Point Ellice House isn’t a place that runs a profit, said Black. It requires a mix of provincial and local support for a museum in a neighborhood with little foot traffic to survive. The non-profit running Point Ellice House rents out the old carriage home to a tenant as a way of guaranteeing steady income. Every little bit of support counts.
Alto agrees with Black on this point. She suggests that the province should play a bigger role in maintaining the site and solving its current issues. “The city can continue and will continue to do what it’s doing, which is to issue [Emterra] tickets and to periodically come by with public works and clean it up,” said Alto. “But the reality is that … Emterra is being a crappy neighbour.”
If the city is doing its best to correct the issues and to support the museum, its efforts aren’t being communicated to the Point Ellice House. Oftentimes, months pass before Black receives replies from city staff. Improvements, such as installations of wayfinding signs, are more likely to be measured in years rather than months.
Since Capital Daily began asking about Point Ellice House’s troubles, the City of Victoria has told Black that they have allocated additional resources to the area. One year and 10 days after Black’s presentation to the city council, Black received the news that Emterra was being investigated under the city’s nuisance business bylaw.

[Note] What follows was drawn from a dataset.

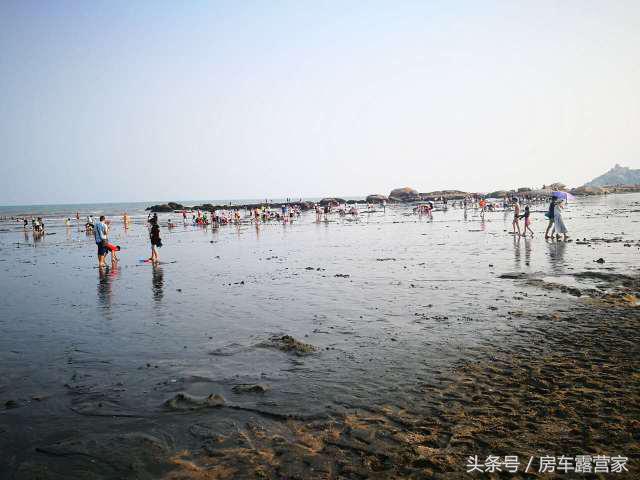 台山海边沙滩推荐珍珠湾,台山海滩推荐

One of the solutions proposed from the city after that presentation to improve the area around Point Ellice House was to encourage Black to apply for a grant to maintain a row of planters for street improvements. He declined to apply.
“I already have a two-acre heritage site with two heritage buildings and 12,000 objects to care for. I don’t need to also care for the public realm, which is the city’s responsibility,” Black said.

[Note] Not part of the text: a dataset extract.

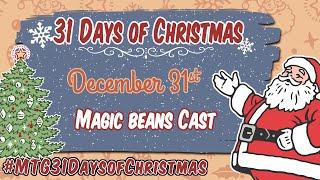 MTG - 31 Days of Christmas giveaway announcement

The application would be “fairly straightforward” and “very well-supported” by the Burnside-Gorge neighbourhood association, said Alto. But she doesn’t have a solution to Black’s point about the city delegating the maintenance of beautification initiatives to already overworked non-profits.
Alto says she is open to the idea of adding street markings on the roads leading to Point Ellice House, another one of Black’s requests. But Victoria’s public works department plans out its street upgrades years in advance: Rock Bay isn’t scheduled for this year. Rather, she believes the solution is dialogue between everyone: the provincial government, the city of Victoria, industry in the neighborhood, and Point Ellice House.

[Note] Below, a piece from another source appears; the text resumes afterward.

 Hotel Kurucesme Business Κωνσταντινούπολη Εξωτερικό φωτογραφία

“We know that industry will stay. We know that Point Ellice House is here to stay. So let’s talk about how they can live together in a way which allows both to be the best they can be,” said Alto.
Black knows that his neighbours are going to remain industrial. With the proposed redevelopment of the formerly industrial-heavy Capital Iron lands between Chatham street and Discovery street into an arts and innovation district, there is very little land left in the city dedicated to industry.
Rock Bay—as defined in the latest Burnside-Gorge local area plan—will continue to place the needs of industry first.
Planned improvements that would benefit Point Ellice House, such as a potential pedestrian-bike path along the Gorge shoreline, are low priority and a decade (or more) away. In the meantime, Point Ellice House will have to continue to find a way to live with its noisier, messier neighbours.